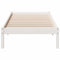 vidaXL Extra Long Bed Frame without Mattress White 80x220 cm Solid Wood Pine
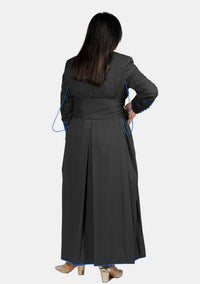 Soutane catholique romaine pour femmes, noire et bleu roi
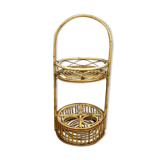 Rattan bottle holders from the 60s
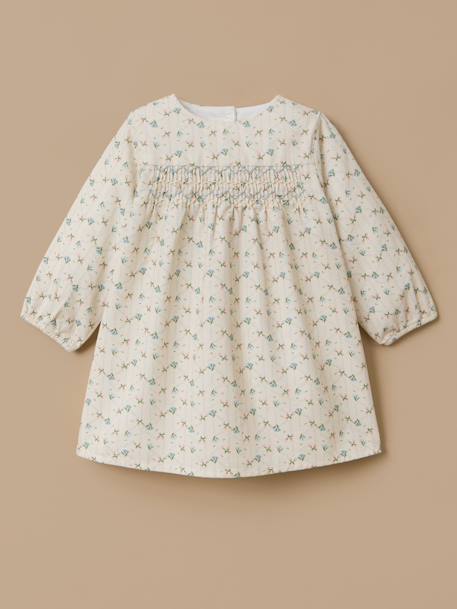 Robe imprimée en velours bébé Imprimé camilla 1 - vertbaudet enfant 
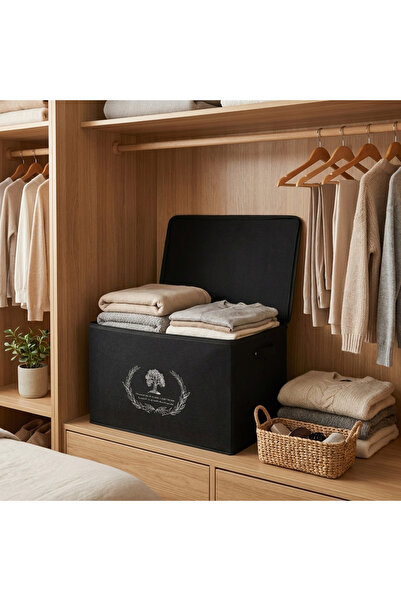 Less Home Keçe Fermuarlı Sandık Megaplus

********************

• Assigned task: Reproduce exactly, and only, the lines from the one with "Rattan bottle holders from the 60s" to the final line of the listing above; the pictures are to be left out.

• Answer for the task:
 Rattan bottle holders from the 60s
 Robe imprimée en velours bébé Imprimé camilla 1 - vertbaudet enfant 
 Less Home Keçe Fermuarlı Sandık Megaplus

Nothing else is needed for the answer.